The objective of this study was to investigate the effects of amendment of different biochars on the physical and hydraulic properties of desert soil.

Materials and methods

Biochars were produced with woodchip, rice straw, and dairy manure at temperatures of 300 and 700 °C, respectively. Each biochar at 5% (w/w) was mixed with desert soil, and the mixtures were incubated for 120 days.

Results and discussion

The different biochar treatments greatly reduced soil bulk density and saturated hydraulic conductivity. Especially the rice straw biochar addition resulted in the lowest saturated hydraulic conductivities among the treatments. Biochar addition significantly increased water retention of desert soil at any suction. At the same suction and experimental time, the treatment with the rice straw biochar produced at the lower temperature resulted in higher water content than the other treatments. The biochar additions slightly enhanced formation of soil macro-aggregates in the early experimental time.
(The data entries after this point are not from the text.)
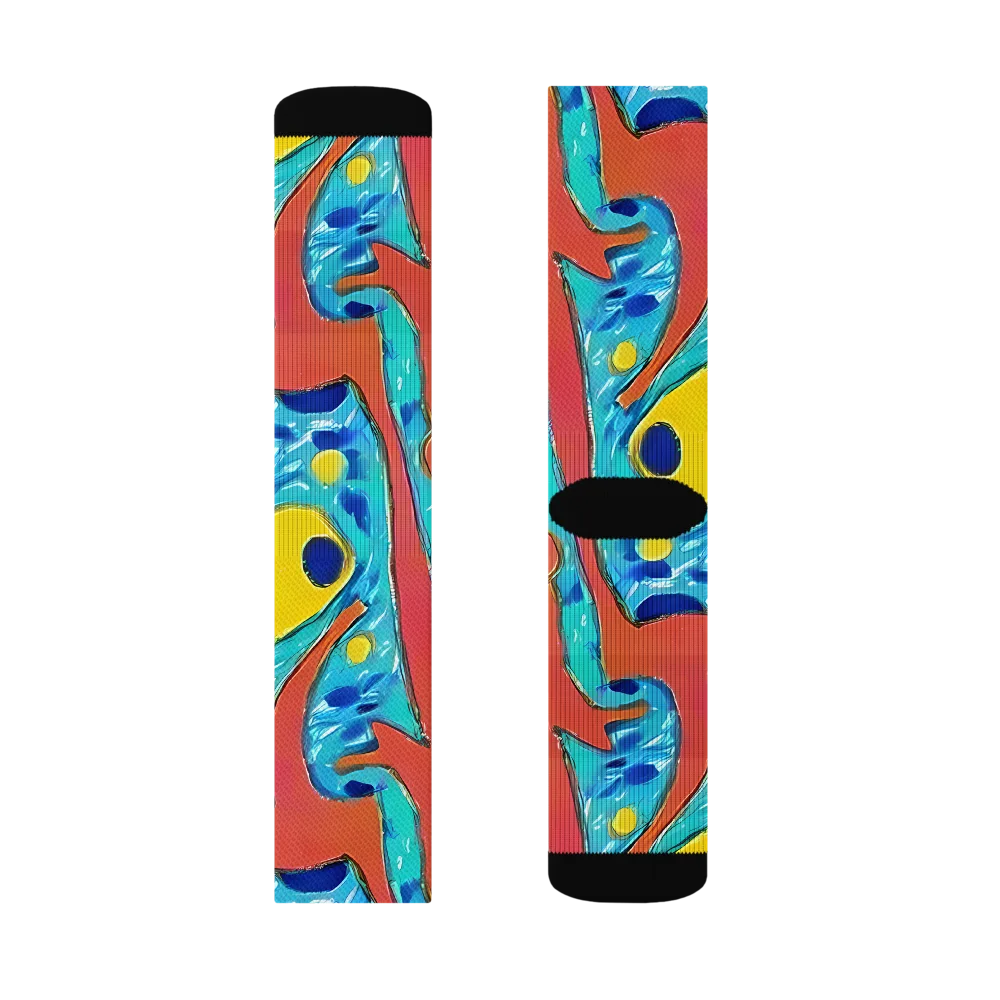 Aqua Uproar on Socks — Right Sock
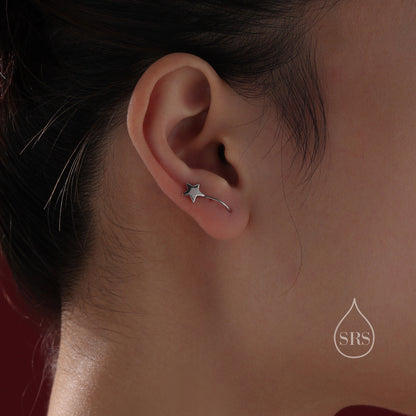 Sterling Silver Star Drop Earrings in Sterling Silver, Silver, Gold or Rose Gold, Star Hook Earrings, Dangle Celestial Earrings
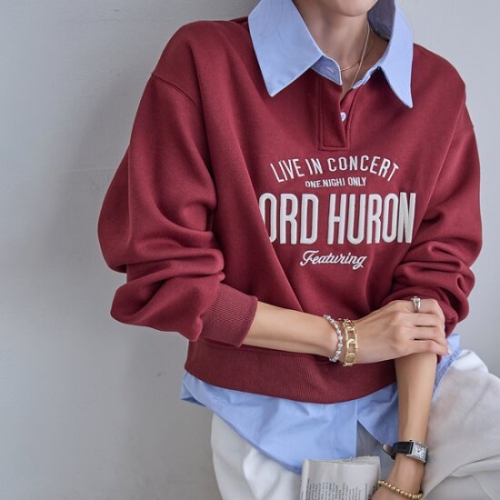 나크21 5599 코튼쭈리안감 브이넥 맨투맨 DM43-T-55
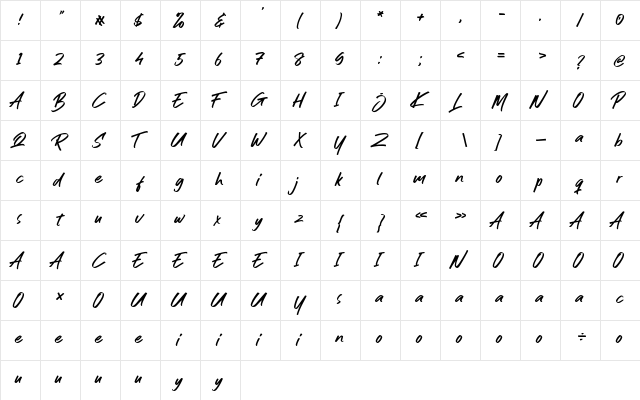 Jetta Kloots Regular  glyph index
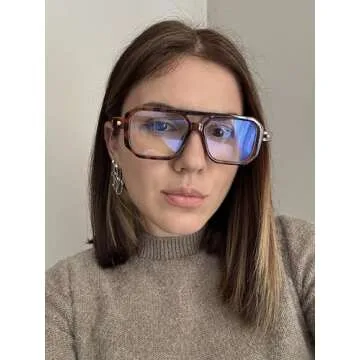 FEISEDY Vintage Square Blue Light Blocking Glasses Women Men 70s Flat Aviator Glasses Computer Anti Glare B0062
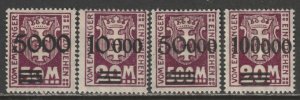 1923 Danzig - Sc J26-9 - MH VF - 4 single - Danzig Coat of Arms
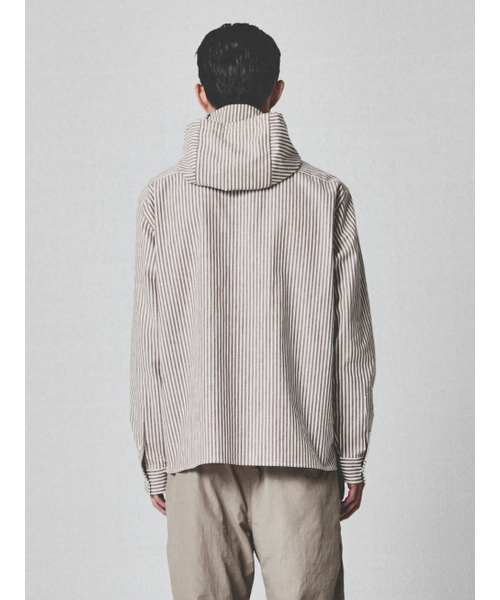 KIJUN MEN(キジュンメンズ)の「Stripe Hoodie Shirt Brown Stripe(シャツ/ブラウス・メンズ・その他・LARGE/X-LARGE)」の4枚目の写真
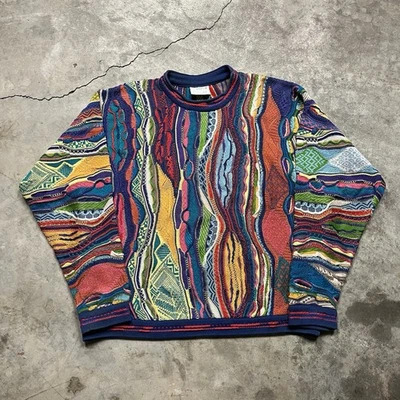 Vintage Coogi 3D Knit Sweater Mens L Multicolor Mercerized Cotton Biggie Cosby - Image 1 of 4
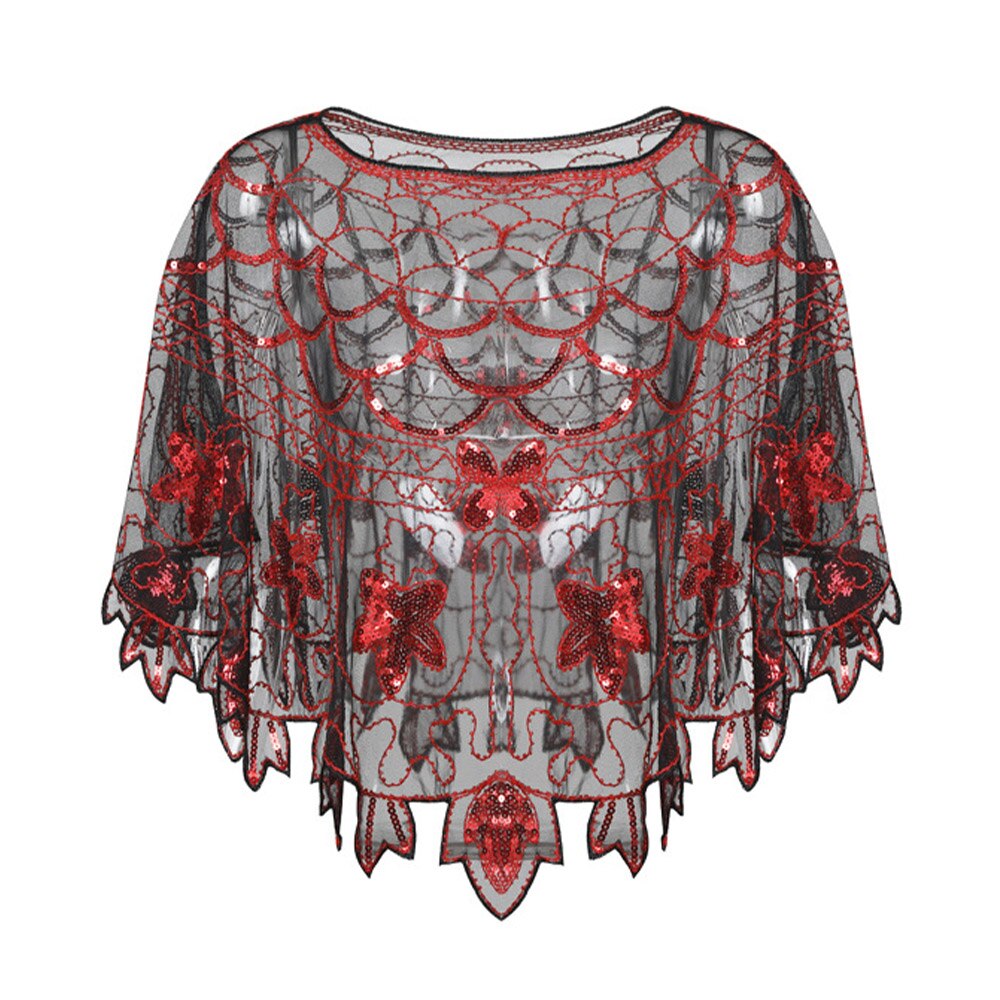 Lady Sequin Luxury Shiny Party Cape Women Bling Bling Amazing Evening Shawl Celebrity Formal Event Accessory Black: Black Red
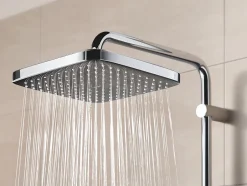 Grohe Colonne de douche sans robinetterie avec pommeau + douchette 1 jet + flexible + barre réglable Vitalio Start 250 Cube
However, the aggregate contents gradually decreased with time due to the lack of effective binding agents (e.g., soil organic matter and clay minerals).

Conclusions

The changes of hydraulic properties of desert soil were attributable to the biochar properties. The higher fine particle content, porosity, and surface hydrophilicity of rice straw biochars were the most beneficial properties to increase soil water retention and to reduce water flow in the desert soil. The improvement of hydraulic properties by biochar addition may provide a potential solution to combat desertification.

Keywords

Biochars Desert soil Hydraulic properties Soil aggregates Influence factors 

Notes

Funding information

This study was supported by grants from the National Natural Science Foundation of China (No. 41471181).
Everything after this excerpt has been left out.